Kamis, 10 Maret 2011
VIVAnews - Meski Menteri Energi dan Sumber Daya Mineral (ESDM) menjamin tidak ada kenaikan harga bahan bakar minyak (BBM), Badan Pusat Statistik (BPS) menilai opsi menaikkan BBM bersubsidi jenis Premium sebesar Rp500 per liter merupakan pilihan yang paling mudah dilakukan.
Kepala BPS, Rusman Heriawan, menjelaskan bahwa pemerintah sangat berhati-hati dalam menentukan opsi yang akan dipilih mengenai pengaturan BBM bersubsidi, karena semuanya memiliki implikasi masing-masing.
"Naikkan Premium, simple. Subsidi akan berkurang. Jika harga Premium dinaikkan, tidak ada moral hazard, apalagi jika dilengkapi dengan cashback untuk sektor-sektor produksi yang dapat memicu kenaikan harga," kata Rusman di Kementerian Keuangan, Jakarta, Rabu, 9 Maret 2011.
Sebelumnya, Tim Kajian Pengaturan BBM Bersubsidi yang diketuai Anggito Abimanyu, memberikan tiga opsi terkait rencana pembatasan BBM bersubsidi. Di antara tiga opsi itu, salah satunya adalah menaikkan harga Premium sebesar Rp500 per liter.

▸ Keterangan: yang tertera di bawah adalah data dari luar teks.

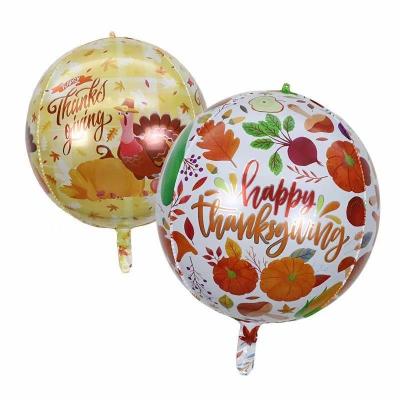 China Inflatable Toy Gift Toy BLN 22inch 4D Thanksgiving Turkey Printing Party Advertising Decoration Helium Foil Balloon Globo Supplier for sale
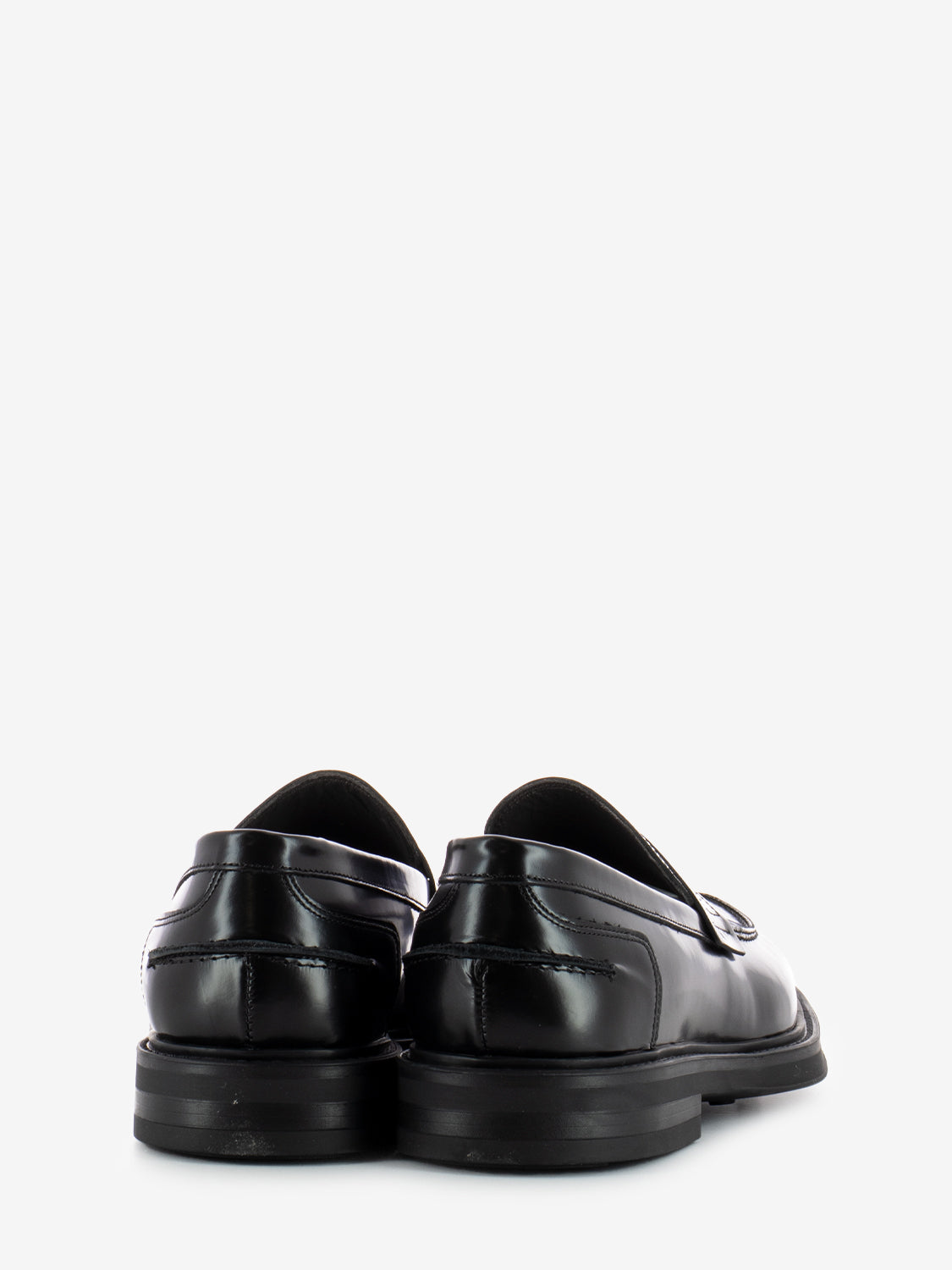 Bristol Black Moccasins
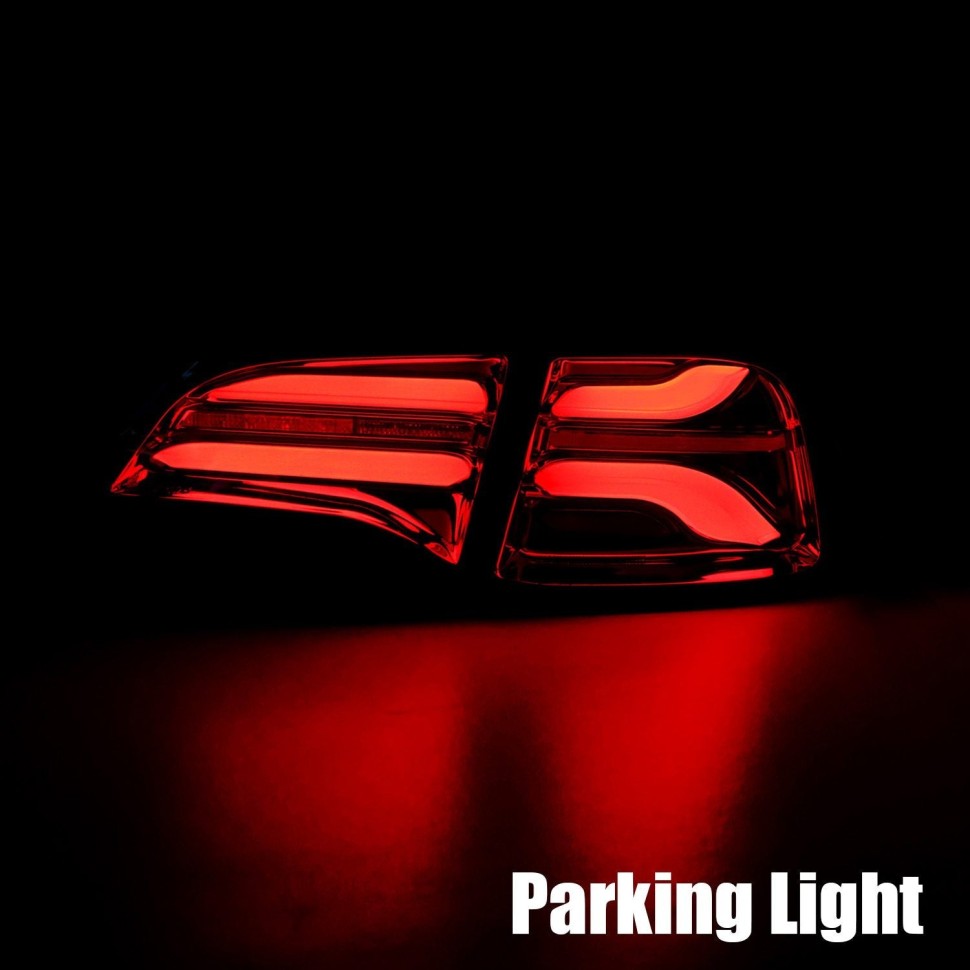 AlphaRex 601030 PRO-Series Led Tail Lights Tesla Model Y/Model 3 20-24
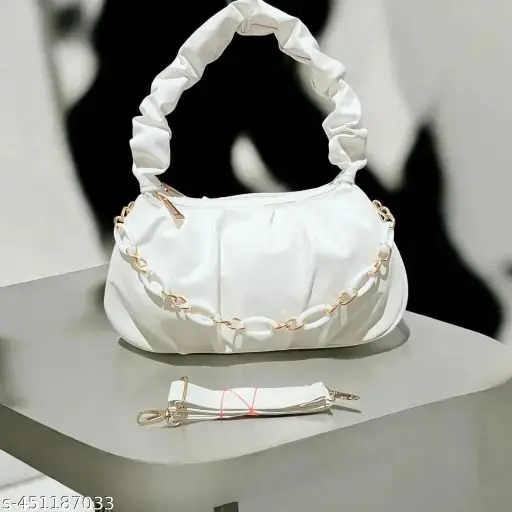 Elegant white handbag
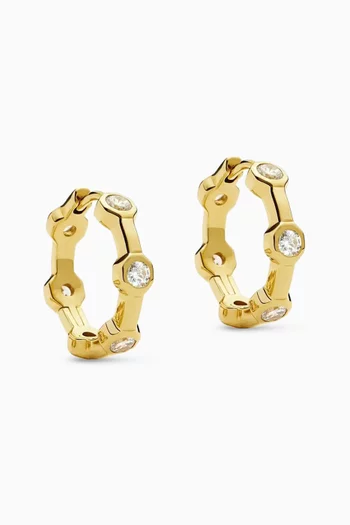Lucy Williams Tennis Small Hoop Earrings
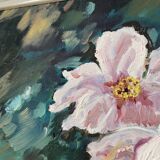 Oil canvas on wood flowers
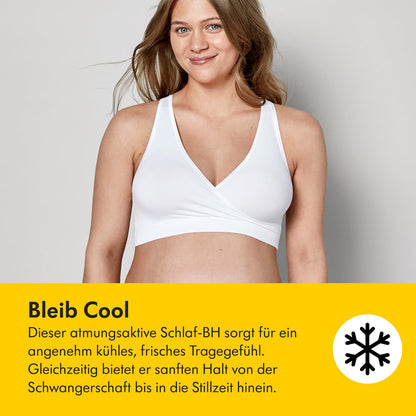 Medela Keep Cool Sleep õmblusteta rasedus- ja imetamisrinnahoidja, must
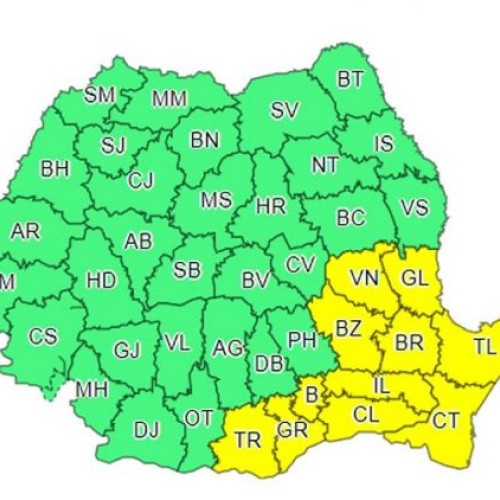 Avertisment privind vântul puternic în Teleorman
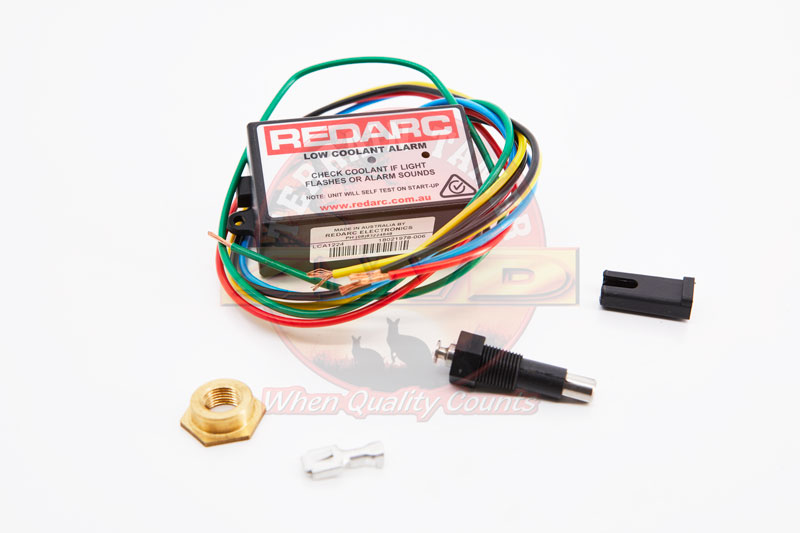 LOW COOLANT ALARM LOW COOLANT ALARM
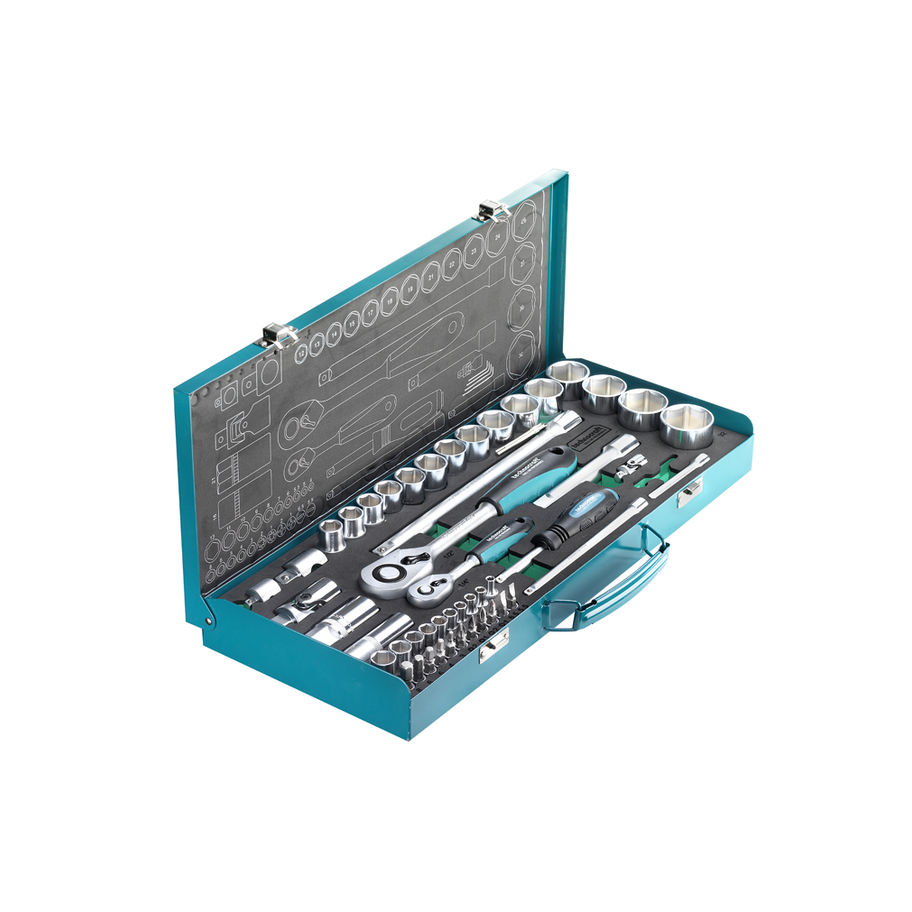 technocraft Steckschlüsselsatz 1/4" + 1/2" 53tlg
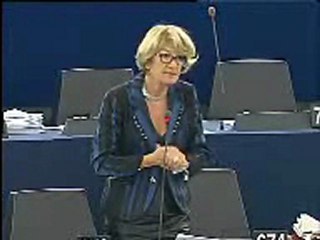 Elisabeth Morin-Chartier_Session plénière_plateforme européenne de lutte contre l'exclusion et la pauvreté_14112011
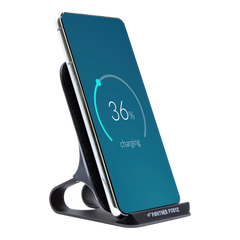 PF235- Panther Force 15W Wireless Stand Charger - Fast Charging with Ergonomic Stand for Qi-Enabled Devices BLACK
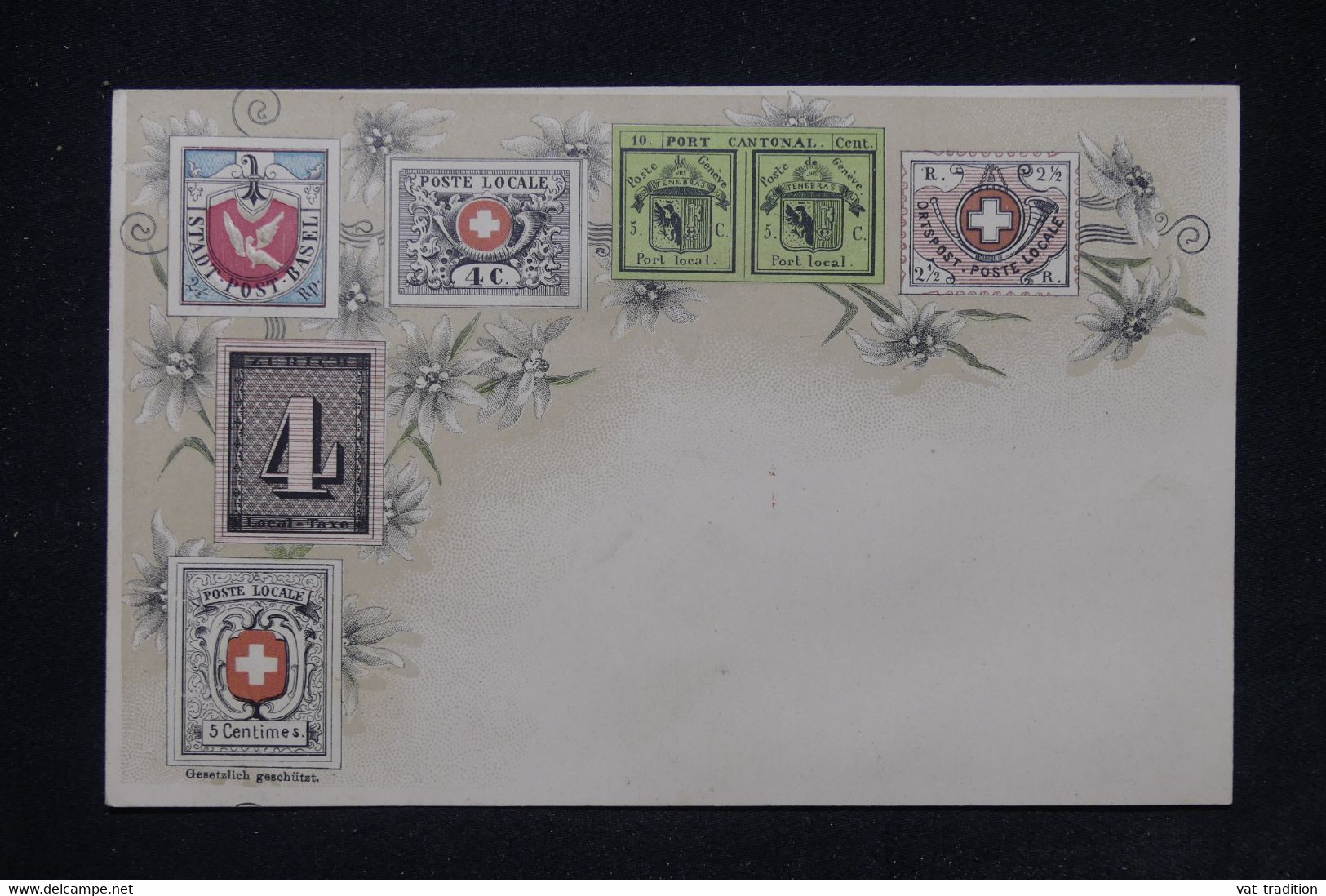 PHILATÉLIE - Carte Postale Représentant Les Timbres De Suisse - L 104425 - Timbres (représentations)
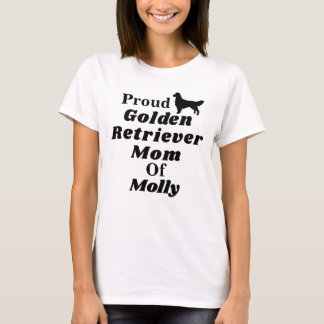 Gepersonaliseerd Proud Golden Retriever Ma T Shirt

Meski demikian, menurut dia, dengan kenaikan harga Premium sebesar Rp500 per liter, akan ada dampaknya terhadap inflasi, baik secara langsung maupun tidak langsung.
"Dampak langsungnya kecil. Bobot BBM di perhitungan inflasi itu cuma tiga persen. Tapi, multiplier effect-nya yang besar," kata Rusman.
Menurut dia, kuota BBM bersubsidi untuk 2011 sebesar 38,5 juta kiloliter akan sulit dijaga, jika harga Pertamax makin jauh meninggalkan Premium. Apalagi, tidak ada reward atau punishment untuk saat ini bagi mobil-mobil yang seharusnya menggunakan Pertamax.
Mengenai dampaknya terhadap inflasi, jika antara Maret sampai April terjadi deflasi, target inflasi sebesar 5,3 persen, dalam asumsi makro 2011, tetap berat untuk dicapai. Meski demikian, semua berharap target itu dapat dicapai. "Tapi, saya tidak bisa katakan tercapai atau tidak sebelum melihat kejadian sampai April," tegas Rusman.